HHS to Spend More Money on Benefit Program (Almost) No One Has Signed Up For
The folks at the Department of Health and Human Services appear to have noticed that ObamaCare's high-risk health insurance pools appear to be working roughly like this:
So far, just 18,000 people have signed up for the program. That's rather less than the 375,000 enrollees the administration had predicted would join the new plans, which don't discriminate based on preexisting conditions and are supposed to serve as a bridge program until 2014, when ObamaCare's exchanges and new regulations kick in.
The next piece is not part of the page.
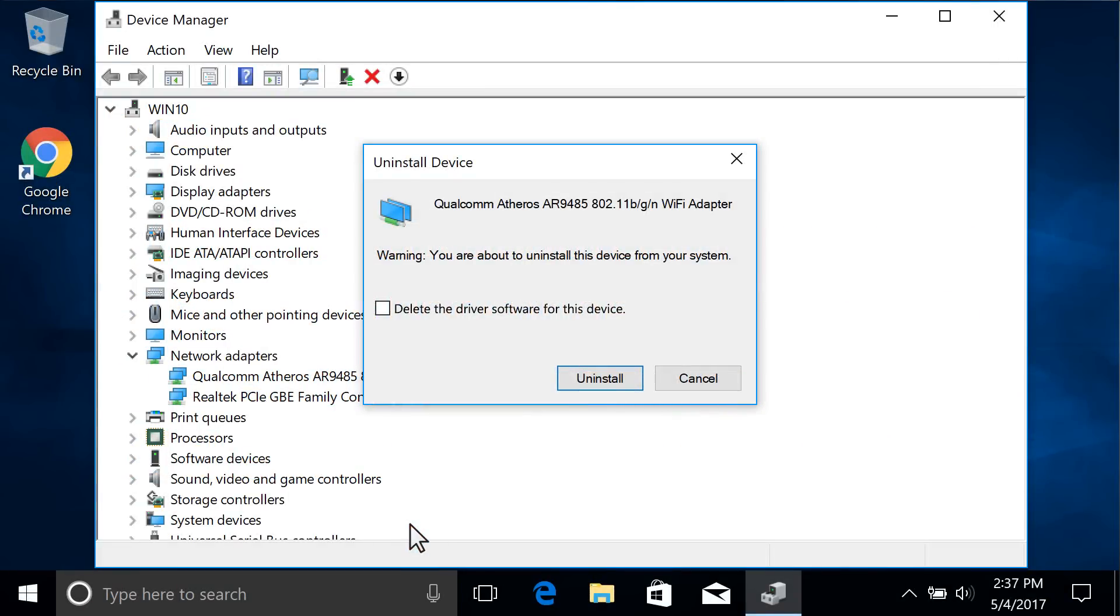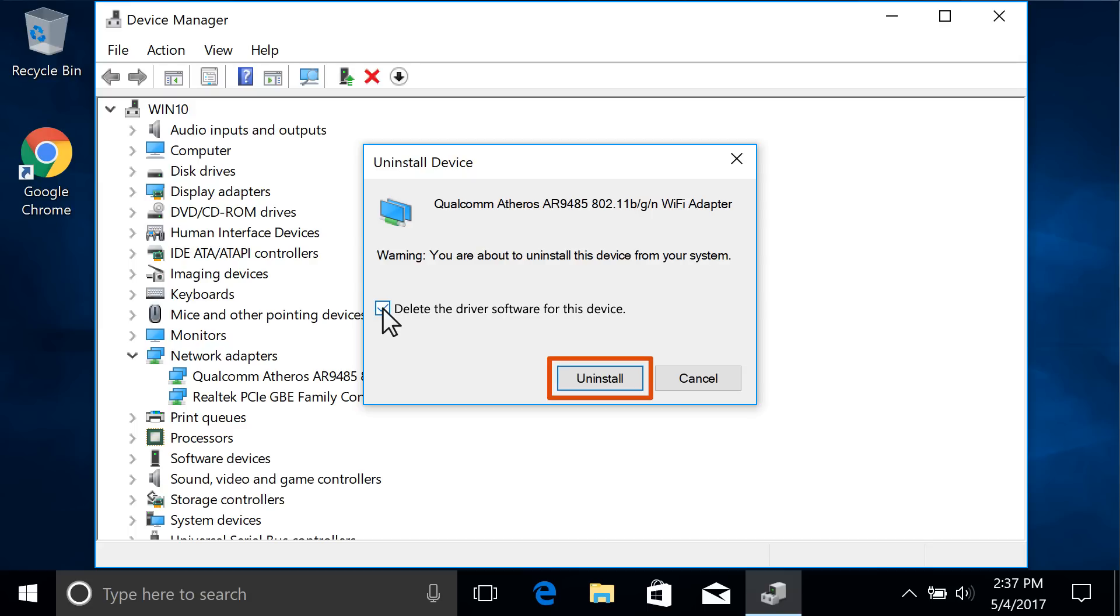A prompt confirming the uninstall displays. Depending on the network adapter, an option displays to delete the driver software while removing the device. Click the checkbox to remove the driver software. Begin uninstalling the device by clicking OK or Uninstall.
From The Wall Street Journal:
The Obama administration moved to make an insurance program for people with existing illnesses cheaper and more accessible for potential enrollees.
The Department of Health and Human Services said it will lower premiums in 18 states where the federal government runs high-risk insurance pools created by the 2010 health overhaul law.
This new action follows the launch of what The Washington Post described as "an aggressive marketing campaign" to promote the program at the beginning of the year. You have to wonder: How good can a government benefit be if the agency administering it has to resort to ever-more-expansive measures in order to entice people into accepting it?
Also: How does the administration plan to pay for the cheaper premiums offered under new rules?
The administration said Tuesday it will tap into the $5 billion the law allotted to run the plan to cut premiums by as much as 40% in the 18 states and also ease eligibility in those states as well as five others and District of Columbia where the federal government administers the plan.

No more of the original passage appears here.